In many bag schemes suppliers deliver loose fruit and vegetables that are packed by volunteers at a community venue. Rather than weighing out the produce, it is divided up equally between the number of bags, e.g. if there is a box with 60 apples and 15 bags to fill each bag gets 4 apples. This makes the role for volunteers much less complicated as they just need to count out the produce rather than weighing everything.
In other bag or box schemes the produce is delivered pre-packed. The boxes have already been filled either directly by the supplier (often a local farm) or by food co-op volunteers or staff at a central location. In this type of model the food co-op outlet is merely a drop-off point. The role of people at the venue may just be to take orders on behalf of the food co-op rather than actually pack bags or boxes. Some box schemes may also do home delivery rather that dropping off at community venues.
The main advantage of bag and box schemes is that because the food co-op receives all orders in advance, staff can work out exactly what to order and so have little or no waste. It also makes it a lot easier to handle money as usually the bags or boxes are priced at a nice round sum, such as £3 bags, so it makes doing your finances much less complicated and time-consuming and easy to keep accurate records. The other advantage is that for volunteers helping with the food co-op their role is also often much simpler, as they are mainly just involved with packing bags rather than weighing and pricing.

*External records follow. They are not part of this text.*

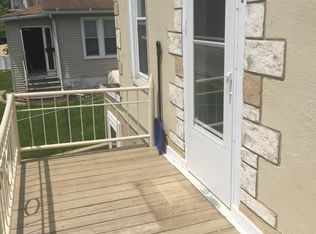 405 7th St APT 1, Peru, IL 61354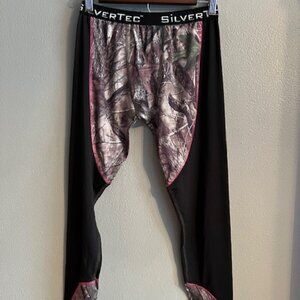 Women's Slivertec Base Layer Cold Weather Leggings Camouflage, Black and Pink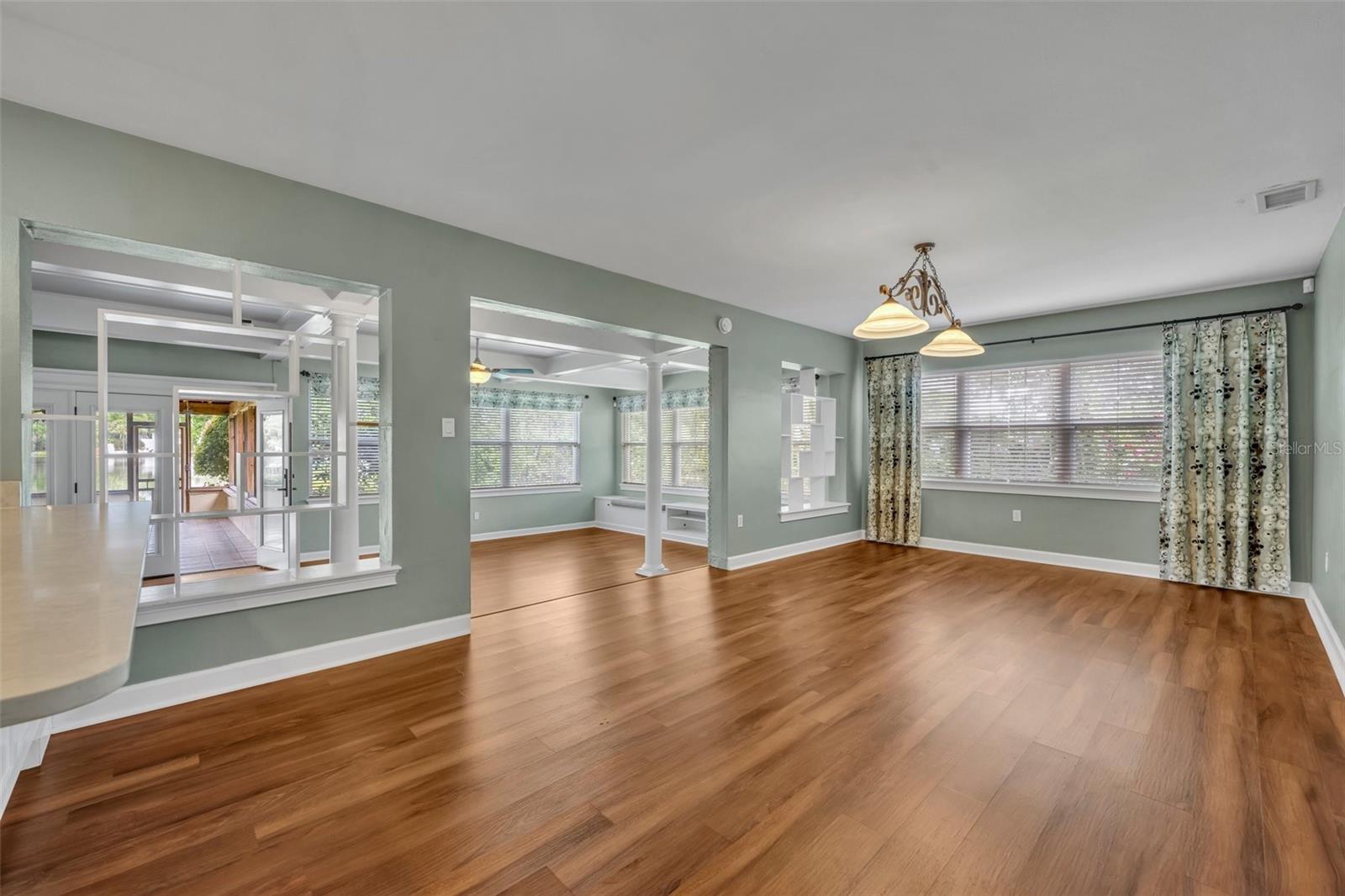 ARDSLEY MANOR - Residential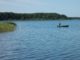 Idyllische Landschaft am Tollensesee in Mecklenburg-Vorpommern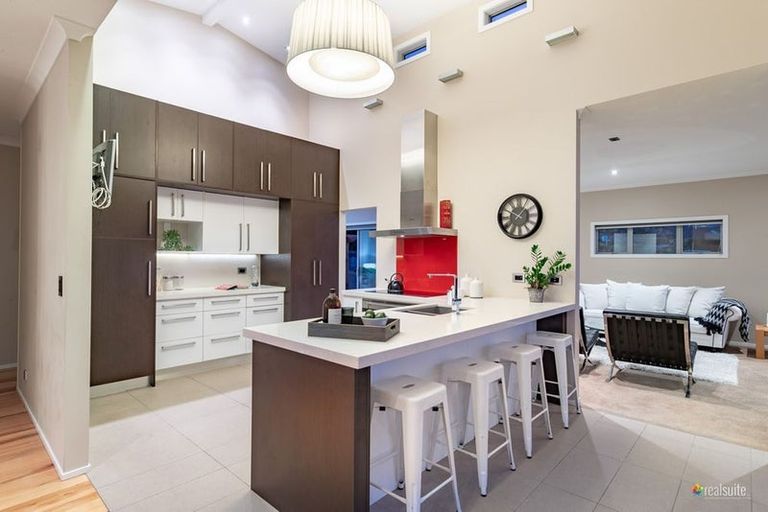 Photo of property in 25a Riverstone Drive, Riverstone Terraces, Upper Hutt, 5018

The main disadvantage is that your customers won't get a choice about what they get and will only get a limited number of different varieties of fruit and vegetables each week. For example, a bag may contain only 4 or 5 varieties; a box may contain 8 or 9. This is fine for some people and they often like the surprise of not knowing what they'll get each week. But for others who are less confident with cooking and may have more specific preferences, it may not suit them. With limited variety, it is also more difficult to include exotic fruit and vegetables, as the items in the bags and boxes need to appeal to everyone but some schemes do put more unusual items in larger boxes.
Case Study - Ystad Goffa Food Co-op
Ystad Goffa Food Co-op is run by three volunteer residents at a retirement housing scheme supported by Wales & West Housing Association and the Rural Regeneration Unit. The volunteers spend 2 to 3 hours each week sorting the produce, taking orders and collecting the money. They supply bags of fruit, salad, or vegetables for £2.50 or a half-bag for £1.25. Customers order and pay for next week's selection when they collect this week's. The supplier chooses the selection of seasonal fruit, vegetables and salad to offer the best value for money that week. For example: the vegetable bag will generally have potatoes, carrots and 3 or 4 other items. A 'swap' box is also available for co-op customers to exchange items with other residents. Anyone can use a co-op as there is no membership fee. Customers can order as little or as much as they like. All the money taken goes directly to the supplier with no profit being made by the co-op.